> **Dataset extract**:

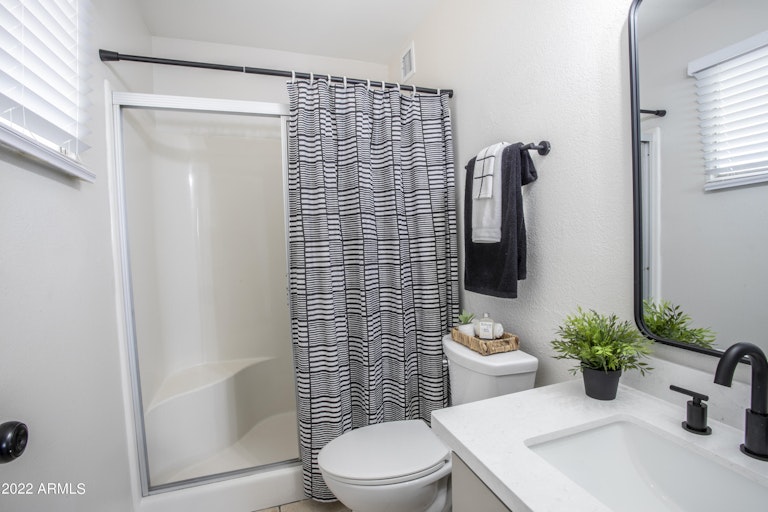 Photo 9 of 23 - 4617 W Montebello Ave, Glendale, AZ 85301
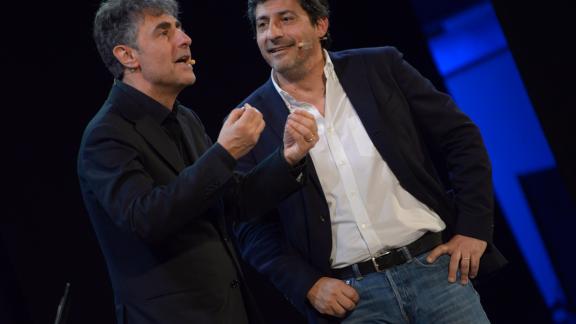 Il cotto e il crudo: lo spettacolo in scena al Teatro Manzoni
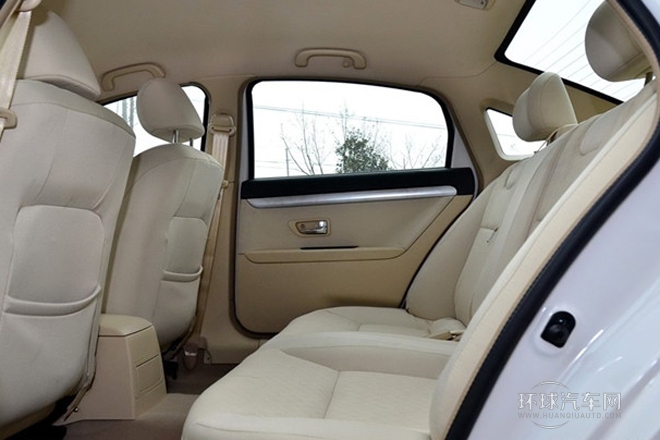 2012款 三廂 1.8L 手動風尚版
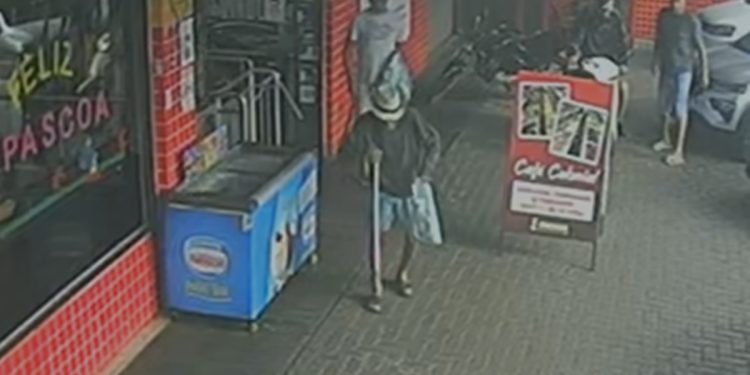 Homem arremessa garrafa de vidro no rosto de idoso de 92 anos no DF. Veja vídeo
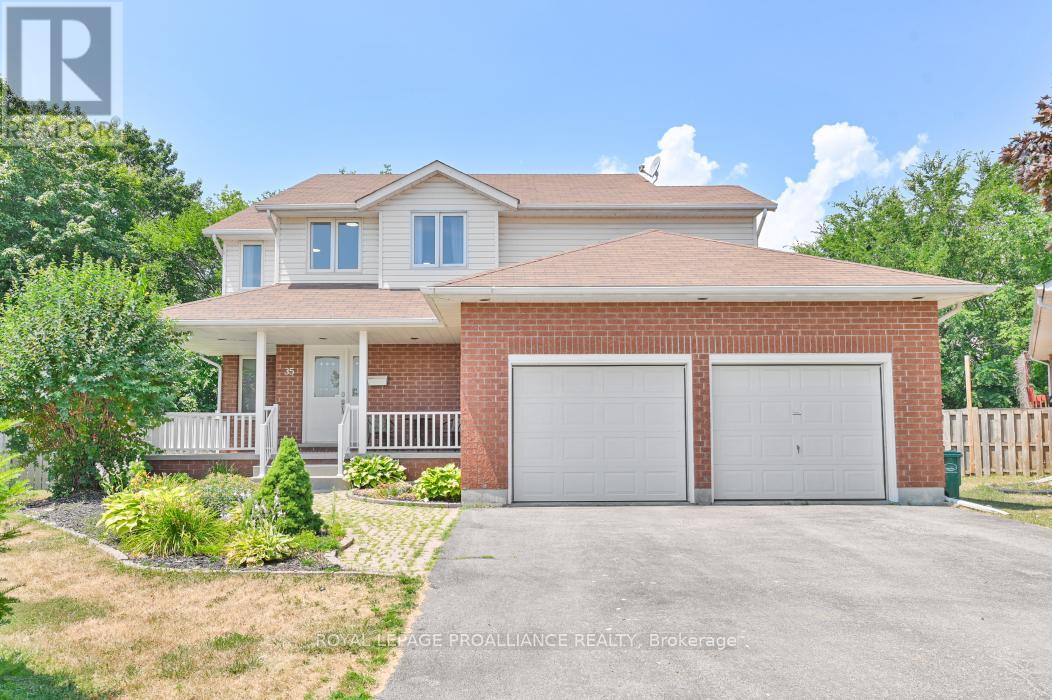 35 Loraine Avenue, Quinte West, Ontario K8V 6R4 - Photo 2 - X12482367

* * *

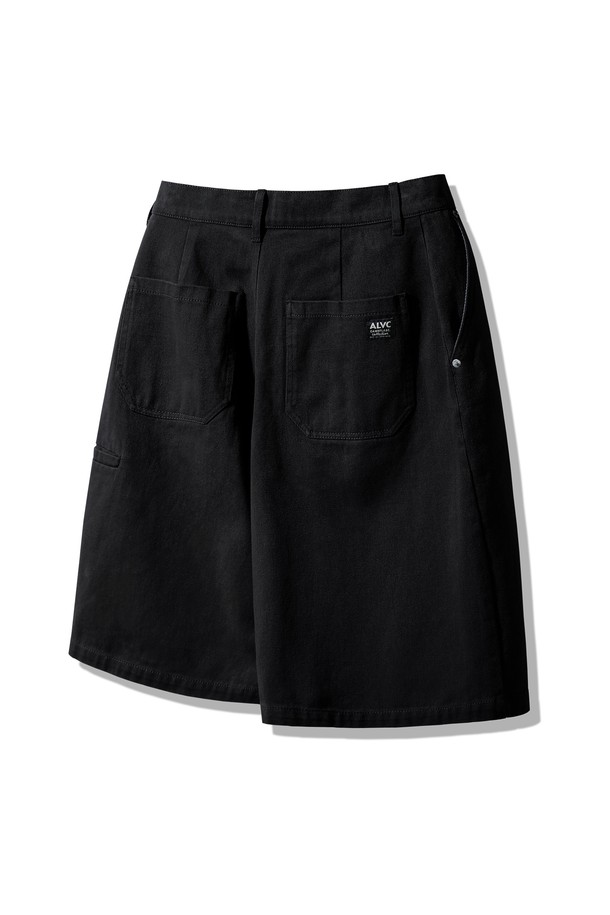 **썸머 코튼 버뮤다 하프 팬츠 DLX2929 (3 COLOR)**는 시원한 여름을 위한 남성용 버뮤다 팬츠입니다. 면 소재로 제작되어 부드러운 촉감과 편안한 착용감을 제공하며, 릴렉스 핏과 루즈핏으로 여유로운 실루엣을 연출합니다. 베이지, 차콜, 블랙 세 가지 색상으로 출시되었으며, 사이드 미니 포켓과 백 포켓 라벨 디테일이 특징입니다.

> **Exercise**:
Give the lines above again exactly, from the one containing "Homem arremessa garrafa" to the one containing "35 Loraine Avenue, Quinte", both included, but leave out the pictures.

> **Answer below**:
 Homem arremessa garrafa de vidro no rosto de idoso de 92 anos no DF. Veja vídeo
 35 Loraine Avenue, Quinte West, Ontario K8V 6R4 - Photo 2 - X12482367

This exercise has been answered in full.